Vinkers told BBC that he checked on Google books during the data gathering process to determine whether the uptick was a result of a change in language over the past 40 years. He found no change in usage with neutral words or random words — the only change, then, was the dramatic increase in positive words, as well as a moderate increase in negative words.

In total, “we saw an increase of 880 percent” of positive words used in scientific research, Vinkers told BBC recently. Vinkers and his assistants also found that positive-sounding words increased from about 2 percent in 1974 to 17.5 percent by 2014.

Researchers at the University Medical Center Utrecht in the Netherlands found that positive sounding words are on the uptick in scientific research papers.

Researchers at the University Medical Center Utrecht in the Netherlands found that positive sounding words are on the uptick in scientific research papers.

“If everything is ‘robust’ and ‘novel,’” Vinkers said in the BBC interview, “then there is no distinction between the qualities of findings.”

He added: “In that case, words used to describe scientific results are no longer driven by the content but by marketability.”

What scientists mean when they use terms like ‘robust’ and ‘transformative,’ Vinkers told BBC, is that what they “found is a real thing for science, and something that is important and not fake.”

The reason why this is happening, Vinkers said, is that they are trying to make their research stand out from the chafe — researchers who use positive or hyperbolic language usually get noticed, and subsequently get windfall funding for new research, he concluded.

They have to play this language game in order to be successful, Vinkers said, adding that ultimately researchers have to show their research is special. It’s a science culture issue, he added.
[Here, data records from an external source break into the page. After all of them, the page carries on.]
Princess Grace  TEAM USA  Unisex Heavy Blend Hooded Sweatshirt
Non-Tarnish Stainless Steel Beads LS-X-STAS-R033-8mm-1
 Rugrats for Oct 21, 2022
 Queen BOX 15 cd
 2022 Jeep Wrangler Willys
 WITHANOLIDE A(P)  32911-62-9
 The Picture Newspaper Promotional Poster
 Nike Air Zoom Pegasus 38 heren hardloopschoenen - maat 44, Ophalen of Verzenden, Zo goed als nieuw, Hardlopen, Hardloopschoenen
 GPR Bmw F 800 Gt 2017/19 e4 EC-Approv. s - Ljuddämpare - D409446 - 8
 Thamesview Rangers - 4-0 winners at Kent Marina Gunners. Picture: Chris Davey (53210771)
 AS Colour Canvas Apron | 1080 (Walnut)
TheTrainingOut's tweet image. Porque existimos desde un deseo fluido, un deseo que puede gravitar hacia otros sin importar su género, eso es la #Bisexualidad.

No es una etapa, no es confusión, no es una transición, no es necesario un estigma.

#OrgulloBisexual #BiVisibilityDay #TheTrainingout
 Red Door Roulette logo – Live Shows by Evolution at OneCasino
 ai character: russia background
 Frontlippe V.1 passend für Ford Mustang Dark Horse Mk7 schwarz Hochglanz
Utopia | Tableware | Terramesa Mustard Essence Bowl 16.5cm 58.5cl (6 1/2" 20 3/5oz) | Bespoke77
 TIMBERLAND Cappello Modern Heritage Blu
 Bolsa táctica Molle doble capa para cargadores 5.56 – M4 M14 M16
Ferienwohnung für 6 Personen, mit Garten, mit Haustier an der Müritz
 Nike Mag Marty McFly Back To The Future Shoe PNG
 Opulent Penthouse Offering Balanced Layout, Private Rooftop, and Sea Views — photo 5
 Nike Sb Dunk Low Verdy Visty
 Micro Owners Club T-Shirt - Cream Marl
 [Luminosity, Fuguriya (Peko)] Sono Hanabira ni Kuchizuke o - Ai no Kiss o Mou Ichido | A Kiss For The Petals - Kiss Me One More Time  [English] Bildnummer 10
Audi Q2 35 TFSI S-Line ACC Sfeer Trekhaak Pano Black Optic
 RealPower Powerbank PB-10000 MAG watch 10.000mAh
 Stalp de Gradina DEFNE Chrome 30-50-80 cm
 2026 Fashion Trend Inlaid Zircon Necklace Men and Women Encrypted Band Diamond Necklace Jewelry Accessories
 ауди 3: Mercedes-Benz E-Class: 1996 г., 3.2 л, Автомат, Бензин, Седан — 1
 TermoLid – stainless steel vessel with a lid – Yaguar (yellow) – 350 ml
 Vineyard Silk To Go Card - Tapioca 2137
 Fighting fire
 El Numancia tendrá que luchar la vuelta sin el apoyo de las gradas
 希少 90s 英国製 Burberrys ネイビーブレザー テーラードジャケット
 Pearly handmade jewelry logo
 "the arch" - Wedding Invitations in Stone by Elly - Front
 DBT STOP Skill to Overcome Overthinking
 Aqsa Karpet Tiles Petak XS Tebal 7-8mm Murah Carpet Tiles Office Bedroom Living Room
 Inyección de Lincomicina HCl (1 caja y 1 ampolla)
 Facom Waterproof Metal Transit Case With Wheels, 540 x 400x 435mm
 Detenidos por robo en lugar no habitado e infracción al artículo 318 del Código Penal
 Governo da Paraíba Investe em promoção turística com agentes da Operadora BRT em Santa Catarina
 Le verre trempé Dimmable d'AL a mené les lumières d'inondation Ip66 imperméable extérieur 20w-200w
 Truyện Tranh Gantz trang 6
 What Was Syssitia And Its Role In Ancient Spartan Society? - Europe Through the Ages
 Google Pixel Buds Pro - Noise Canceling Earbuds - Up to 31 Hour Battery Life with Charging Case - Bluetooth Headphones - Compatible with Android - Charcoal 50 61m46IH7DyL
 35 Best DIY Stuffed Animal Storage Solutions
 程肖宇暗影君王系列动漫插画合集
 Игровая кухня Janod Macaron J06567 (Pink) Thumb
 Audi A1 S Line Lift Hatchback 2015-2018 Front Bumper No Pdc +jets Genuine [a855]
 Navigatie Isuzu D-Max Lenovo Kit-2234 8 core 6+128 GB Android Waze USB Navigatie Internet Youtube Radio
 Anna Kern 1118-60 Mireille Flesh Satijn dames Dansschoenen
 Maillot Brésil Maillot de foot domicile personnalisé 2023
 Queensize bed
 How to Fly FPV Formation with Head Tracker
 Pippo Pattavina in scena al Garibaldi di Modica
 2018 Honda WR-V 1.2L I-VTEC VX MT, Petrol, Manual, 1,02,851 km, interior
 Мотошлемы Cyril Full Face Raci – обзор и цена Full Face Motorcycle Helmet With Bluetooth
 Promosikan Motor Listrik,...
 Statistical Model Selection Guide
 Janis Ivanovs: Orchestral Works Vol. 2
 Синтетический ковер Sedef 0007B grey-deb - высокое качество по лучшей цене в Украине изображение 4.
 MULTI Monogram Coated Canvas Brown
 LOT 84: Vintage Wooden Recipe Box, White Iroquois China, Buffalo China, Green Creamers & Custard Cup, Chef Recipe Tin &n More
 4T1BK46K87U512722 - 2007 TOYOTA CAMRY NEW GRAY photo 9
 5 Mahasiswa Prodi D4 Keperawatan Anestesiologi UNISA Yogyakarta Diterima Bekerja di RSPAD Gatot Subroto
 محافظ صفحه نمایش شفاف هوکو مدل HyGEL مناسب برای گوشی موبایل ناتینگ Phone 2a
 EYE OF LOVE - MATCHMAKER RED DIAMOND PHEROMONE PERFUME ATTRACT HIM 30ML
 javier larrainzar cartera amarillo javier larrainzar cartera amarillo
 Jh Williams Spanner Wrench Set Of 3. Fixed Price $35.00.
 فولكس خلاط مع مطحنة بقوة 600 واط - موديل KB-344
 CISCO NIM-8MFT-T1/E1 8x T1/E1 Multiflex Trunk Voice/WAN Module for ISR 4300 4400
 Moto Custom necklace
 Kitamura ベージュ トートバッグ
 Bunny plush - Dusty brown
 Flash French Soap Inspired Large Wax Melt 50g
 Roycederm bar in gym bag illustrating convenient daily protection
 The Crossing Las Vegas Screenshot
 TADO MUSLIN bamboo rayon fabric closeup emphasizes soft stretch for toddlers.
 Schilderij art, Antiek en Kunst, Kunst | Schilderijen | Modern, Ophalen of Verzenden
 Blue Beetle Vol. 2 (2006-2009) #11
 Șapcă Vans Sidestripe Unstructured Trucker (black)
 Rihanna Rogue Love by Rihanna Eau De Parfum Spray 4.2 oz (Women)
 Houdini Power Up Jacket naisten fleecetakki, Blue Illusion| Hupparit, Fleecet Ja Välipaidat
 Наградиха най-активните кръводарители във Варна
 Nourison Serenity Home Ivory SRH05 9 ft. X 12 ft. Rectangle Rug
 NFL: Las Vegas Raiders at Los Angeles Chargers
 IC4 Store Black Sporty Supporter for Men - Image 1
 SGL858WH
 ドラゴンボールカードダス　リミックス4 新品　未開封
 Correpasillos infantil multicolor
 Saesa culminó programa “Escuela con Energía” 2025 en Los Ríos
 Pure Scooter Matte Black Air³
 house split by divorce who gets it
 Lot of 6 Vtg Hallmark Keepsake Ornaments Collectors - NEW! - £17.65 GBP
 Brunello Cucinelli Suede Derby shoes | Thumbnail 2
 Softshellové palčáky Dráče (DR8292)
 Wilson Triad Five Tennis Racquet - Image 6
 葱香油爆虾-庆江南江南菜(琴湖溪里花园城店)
The problem, Vinkers explained, is that the increased use of lofty language is essentially a marketing ploy, something that waters down the content of scientific studies. He went on to suggest that the increase of flowery language in science papers turns researchers into marketers, to the point to which there is little difference between them and the journalists who cover them.

Worse, Vinkers added, is the interplay between the media and scientific field.

“The media just follow along with press releases filed by science journals,” he noted about the effect hyperbolic words have on media coverage, concluding: “I mean, it would be very good if the media would be more critical about what the results really mean. Are they really novel and robust, or is it something that is nice but needs more study … and has its nuances and limitations?”